I’ve thought about this a lot (mostly during those long, tortuous hours when I am wrestling with how to end a piece), and I think I understand why.

First, it’s a matter of focus. All through the imagining, pondering, researching and organizing phases of a piece of writing – everything that happens before I sit down to write -- I am focused on how and where the story will begin. As I think and observe, read, listen and ask questions, I am constantly evaluating the material I’m getting for its potential as an opener. I want to know what that first sentence will be, that opening scene, that initial snippet of dialog, that quotable quote.

That’s probably because facing a blank screen is one of the most intimidating moments I encounter in my life as a writer. So, before I make myself comfortable in front of the computer, before I click on the “Microsoft Word” icon, I want to know what I will write.

Figuring out the beginning beforehand, crafting the sentence or scene in my head, comforts me. It momentarily quells the anxiety I feel when that blank page appears on the screen with that insistent, mean-spirited blinking cursor challenging me to start writing now. Knowing how a piece will begin fools me into thinking that I will know how to write the rest of the piece, and it is precisely that sense of confidence that allows me to go ahead and do so. I knew I would begin with Didion a week ago when I was thinking through this piece on my foggy morning run.

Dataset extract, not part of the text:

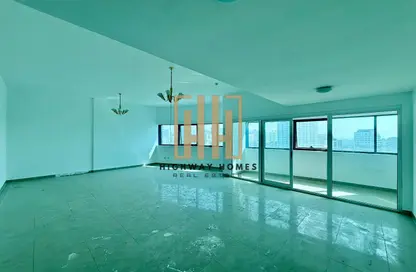 Apartment - 2 Bedrooms - 3 Bathrooms for rent in Majestic Tower - Al Taawun Street - Al Taawun - Sharjah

But do I know how I will end this piece? Not a clue. I haven’t given it a thought. That’s one good reason it will be harder to write the end once I get there.

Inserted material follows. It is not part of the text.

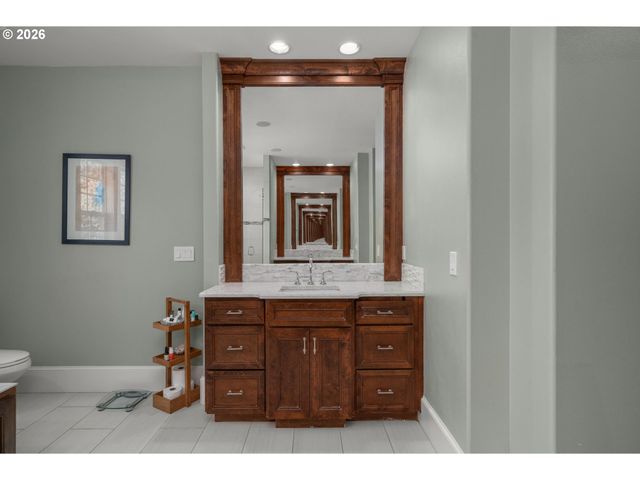 8730 Nw TERRACEVIEW Ct, Portland, OR 97229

There’s something else at work too, something purely mechanical that leads not necessarily to easier beginnings than endings but to better written beginnings: the writing process. When I’m writing a piece, I write in chunks. So let’s say on day one I write the initial 500 words. Day two, back at work, I read through those first 500 words (which includes, of course, the opener), and I rewrite, re-craft, polish. Then I go on to write another chunk, let’s say 750 words. Day three I begin by reading the 1250 words I’ve already written, including the now once-edited opener. I edit it again, then move through the piece and start writing the next chunk. And so it goes, with each day beginning by reworking and polishing the opener. At the end of the process – maybe a week to write a magazine piece, several weeks to write a book chapter – I will have burnished and refined the opening paragraphs five, six perhaps a dozen times.